Previously we showed that even though univariate analysis with degenerated MASH model gives identical results to SuSiE as expected (with non-decreasing ELBO), in multivariate calculations the ELBO is not always non-decreasing. To investigate the issue we will 1) further simplify the problem and 2) isolate the problem to posterior calculation versus ELBO calculations and check which part is problematic. The best way to achieve both is to implement a simple Bayesian multivariate regression model with prior $b \sim MVN(0, U)$ where $U$ is known, instead of using MASH prior for $b$.
This feature is now implemented in the BayesianMultivariateRegression
class with an interface added to the main function such that the code will be triggered when prior variance is a matrix.

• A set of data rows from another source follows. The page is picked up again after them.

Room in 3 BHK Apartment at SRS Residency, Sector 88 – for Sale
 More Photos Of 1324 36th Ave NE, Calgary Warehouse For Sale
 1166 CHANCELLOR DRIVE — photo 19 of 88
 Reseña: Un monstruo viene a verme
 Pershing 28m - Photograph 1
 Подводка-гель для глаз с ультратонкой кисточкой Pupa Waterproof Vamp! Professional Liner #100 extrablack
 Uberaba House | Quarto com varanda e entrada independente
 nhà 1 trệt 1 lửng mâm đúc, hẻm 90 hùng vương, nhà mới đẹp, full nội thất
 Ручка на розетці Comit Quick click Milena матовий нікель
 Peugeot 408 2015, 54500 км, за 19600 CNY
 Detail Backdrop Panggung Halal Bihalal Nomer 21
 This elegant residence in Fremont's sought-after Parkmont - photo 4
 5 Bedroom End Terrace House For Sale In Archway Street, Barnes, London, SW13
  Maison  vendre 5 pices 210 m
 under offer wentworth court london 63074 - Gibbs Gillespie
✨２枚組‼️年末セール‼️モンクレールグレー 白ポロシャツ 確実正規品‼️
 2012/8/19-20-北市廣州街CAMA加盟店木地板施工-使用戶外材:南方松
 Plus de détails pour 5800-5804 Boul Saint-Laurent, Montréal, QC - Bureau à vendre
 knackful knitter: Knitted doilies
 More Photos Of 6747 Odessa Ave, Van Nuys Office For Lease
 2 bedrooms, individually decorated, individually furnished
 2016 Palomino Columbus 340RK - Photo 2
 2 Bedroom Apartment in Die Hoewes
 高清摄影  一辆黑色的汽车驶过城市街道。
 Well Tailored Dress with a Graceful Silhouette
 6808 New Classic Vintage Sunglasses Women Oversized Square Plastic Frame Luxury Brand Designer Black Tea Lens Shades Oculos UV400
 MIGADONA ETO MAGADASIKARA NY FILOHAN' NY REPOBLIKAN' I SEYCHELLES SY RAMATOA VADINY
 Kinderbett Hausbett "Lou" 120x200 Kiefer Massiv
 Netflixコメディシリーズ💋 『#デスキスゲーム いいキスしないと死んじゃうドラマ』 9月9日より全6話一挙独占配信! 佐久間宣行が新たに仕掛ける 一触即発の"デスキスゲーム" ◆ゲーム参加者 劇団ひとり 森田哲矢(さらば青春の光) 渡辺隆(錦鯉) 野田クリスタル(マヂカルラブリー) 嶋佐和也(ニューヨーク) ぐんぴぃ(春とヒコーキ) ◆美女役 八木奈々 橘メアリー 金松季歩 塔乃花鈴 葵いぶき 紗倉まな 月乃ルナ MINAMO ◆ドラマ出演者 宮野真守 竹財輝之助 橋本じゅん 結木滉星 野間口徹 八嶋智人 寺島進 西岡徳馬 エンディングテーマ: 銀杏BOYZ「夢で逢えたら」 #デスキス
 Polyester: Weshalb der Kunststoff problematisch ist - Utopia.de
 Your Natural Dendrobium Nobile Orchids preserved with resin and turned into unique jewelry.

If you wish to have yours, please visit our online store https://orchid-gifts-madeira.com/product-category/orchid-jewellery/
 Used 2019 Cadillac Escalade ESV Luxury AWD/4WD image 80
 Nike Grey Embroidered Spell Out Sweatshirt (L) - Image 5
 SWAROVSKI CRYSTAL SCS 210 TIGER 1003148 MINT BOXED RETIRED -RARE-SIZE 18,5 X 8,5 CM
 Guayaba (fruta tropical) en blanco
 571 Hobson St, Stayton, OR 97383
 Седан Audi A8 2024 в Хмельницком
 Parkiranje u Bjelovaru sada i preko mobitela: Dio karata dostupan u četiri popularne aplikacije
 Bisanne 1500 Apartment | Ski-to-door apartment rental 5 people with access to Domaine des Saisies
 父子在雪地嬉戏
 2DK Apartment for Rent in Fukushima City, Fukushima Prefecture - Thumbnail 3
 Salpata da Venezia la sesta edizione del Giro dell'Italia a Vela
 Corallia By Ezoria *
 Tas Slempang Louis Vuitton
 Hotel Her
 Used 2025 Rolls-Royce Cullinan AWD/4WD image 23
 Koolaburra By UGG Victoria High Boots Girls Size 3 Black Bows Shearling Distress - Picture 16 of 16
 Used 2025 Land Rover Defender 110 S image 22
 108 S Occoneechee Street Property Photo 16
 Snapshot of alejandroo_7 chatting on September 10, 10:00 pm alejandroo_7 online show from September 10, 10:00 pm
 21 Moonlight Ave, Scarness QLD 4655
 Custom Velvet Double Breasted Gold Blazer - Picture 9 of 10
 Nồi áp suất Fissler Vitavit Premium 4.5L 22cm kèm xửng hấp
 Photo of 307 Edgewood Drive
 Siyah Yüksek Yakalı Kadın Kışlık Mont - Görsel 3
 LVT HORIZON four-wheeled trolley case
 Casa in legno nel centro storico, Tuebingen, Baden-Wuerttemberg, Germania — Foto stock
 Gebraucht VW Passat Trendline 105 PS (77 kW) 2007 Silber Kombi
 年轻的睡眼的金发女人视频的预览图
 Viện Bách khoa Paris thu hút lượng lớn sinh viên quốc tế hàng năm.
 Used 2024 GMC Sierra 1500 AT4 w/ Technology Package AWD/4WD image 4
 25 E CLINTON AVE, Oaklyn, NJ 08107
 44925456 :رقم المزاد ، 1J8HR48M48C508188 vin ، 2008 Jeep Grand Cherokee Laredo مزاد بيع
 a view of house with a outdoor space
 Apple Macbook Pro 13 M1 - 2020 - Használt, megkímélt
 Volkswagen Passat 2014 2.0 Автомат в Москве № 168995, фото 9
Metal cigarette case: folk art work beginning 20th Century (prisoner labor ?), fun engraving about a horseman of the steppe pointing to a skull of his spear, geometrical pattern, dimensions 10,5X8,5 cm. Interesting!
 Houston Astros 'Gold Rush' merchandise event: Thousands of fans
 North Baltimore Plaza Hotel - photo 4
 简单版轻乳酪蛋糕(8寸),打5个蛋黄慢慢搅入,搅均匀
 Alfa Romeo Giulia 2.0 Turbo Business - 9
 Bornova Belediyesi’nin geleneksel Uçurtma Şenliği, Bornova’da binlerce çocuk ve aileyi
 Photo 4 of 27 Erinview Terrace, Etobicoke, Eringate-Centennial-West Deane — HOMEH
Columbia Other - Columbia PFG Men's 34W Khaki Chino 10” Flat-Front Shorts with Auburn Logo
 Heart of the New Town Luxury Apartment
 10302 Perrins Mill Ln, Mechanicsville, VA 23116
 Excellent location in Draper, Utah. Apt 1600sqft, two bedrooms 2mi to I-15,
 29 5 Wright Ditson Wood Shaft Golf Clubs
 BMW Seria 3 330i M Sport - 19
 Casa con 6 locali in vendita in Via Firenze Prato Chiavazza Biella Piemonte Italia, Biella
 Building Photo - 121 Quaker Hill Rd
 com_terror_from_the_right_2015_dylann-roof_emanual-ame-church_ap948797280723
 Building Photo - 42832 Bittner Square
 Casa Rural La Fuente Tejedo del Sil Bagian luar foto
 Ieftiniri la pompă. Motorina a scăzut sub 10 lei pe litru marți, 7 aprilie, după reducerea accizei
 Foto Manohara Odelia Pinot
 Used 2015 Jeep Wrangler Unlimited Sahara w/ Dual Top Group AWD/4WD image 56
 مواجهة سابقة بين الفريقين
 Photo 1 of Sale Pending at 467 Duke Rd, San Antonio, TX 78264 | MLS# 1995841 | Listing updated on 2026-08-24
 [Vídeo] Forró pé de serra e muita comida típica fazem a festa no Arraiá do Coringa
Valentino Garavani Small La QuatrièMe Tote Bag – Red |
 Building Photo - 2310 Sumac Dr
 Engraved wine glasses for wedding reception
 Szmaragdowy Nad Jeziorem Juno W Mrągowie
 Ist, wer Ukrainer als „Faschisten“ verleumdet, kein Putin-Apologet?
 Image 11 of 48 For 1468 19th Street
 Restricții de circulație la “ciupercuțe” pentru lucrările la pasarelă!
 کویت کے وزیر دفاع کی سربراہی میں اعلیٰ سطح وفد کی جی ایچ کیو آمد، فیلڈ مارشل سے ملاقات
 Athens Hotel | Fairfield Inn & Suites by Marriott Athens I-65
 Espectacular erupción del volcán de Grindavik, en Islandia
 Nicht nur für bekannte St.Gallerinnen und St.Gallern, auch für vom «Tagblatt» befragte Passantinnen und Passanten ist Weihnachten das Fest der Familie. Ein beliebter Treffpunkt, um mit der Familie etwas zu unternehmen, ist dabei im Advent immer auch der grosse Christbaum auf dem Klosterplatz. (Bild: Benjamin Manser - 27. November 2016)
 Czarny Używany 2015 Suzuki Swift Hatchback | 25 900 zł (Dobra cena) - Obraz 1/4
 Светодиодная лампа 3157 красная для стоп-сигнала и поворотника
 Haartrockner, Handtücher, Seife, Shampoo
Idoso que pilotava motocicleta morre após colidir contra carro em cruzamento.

With this feature (and with Yuxin's sharp eyes!!) we were able to identify an issue caused by inconsistent interface between mvsusieR::susie
and mvsusieR::MashInitializer
in handling residual variances. After patching the issue (interface fix still needs to be finalized) we are able to get consistent result between simple Bayesian multivariate regression and MASH; and MASH ELBO now increases.
library(mvsusieR)
set.seed(2)
L = 5
dat = mvsusie_sim1(r=1)
Run the simulated univariate data with SuSiE,
res = susieR::susie(dat$X,dat$y,L=L,scaled_prior_variance=0.2,estimate_residual_variance=F,estimate_prior_variance=F)
res$elbo
Now run it with multivariate simple prior implementation in mvsusieR
,
res = mvsusieR::mvsusie(dat$X,dat$y,L=L,prior_variance=0.2*var(dat$y),compute_objective=T,estimate_residual_variance=F,estimate_prior_variance=F)
dim(res$b2)
So it is confirmed that this implementation produces identical results as SuSiE runs.
set.seed(2)
dat = mvsusie_sim1(r=1)
devtools::load_all('~/GIT/software/mvsusieR')
res = mvsusie(dat$X,dat$y,L=L,prior_variance=dat$V,compute_objective=T,estimate_residual_variance=F,estimate_prior_variance=F)
Here the ELBO is non-decreasing, as expected.
m_init = mvsusieR:::MashInitializer$new(list(dat$V), 1, prior_weight=1, null_weight=0)
res = mvsusieR::mvsusie(dat$X,dat$y,L=L,prior_variance=m_init,compute_objective=T,estimate_residual_variance=F,estimate_prior_variance=F)
dim(res$b2)
The result agree with above. Now we use a different prior choice -- a diagonal prior covariance. We analyze with simple Bayesian multivariate regression,
res = mvsusieR::mvsusie(dat$X,dat$y,L=L,prior_variance=0.2*diag(ncol(dat$y)),compute_objective=T,estimate_residual_variance=F,estimate_prior_variance=F)
res$elbo
and with MASH based regression,
m_init = mvsusieR:::MashInitializer$new(list(0.2*diag(ncol(dat$y))), 1, prior_weight=1, null_weight=0,alpha=0)
res = mvsusieR::mvsusie(dat$X,dat$y,L=L,prior_variance=m_init,compute_objective=T,estimate_residual_variance=F,estimate_prior_variance=F)
res$elbo
So we are comfortable at this point that ELBO for multivariate analysis is done correctly.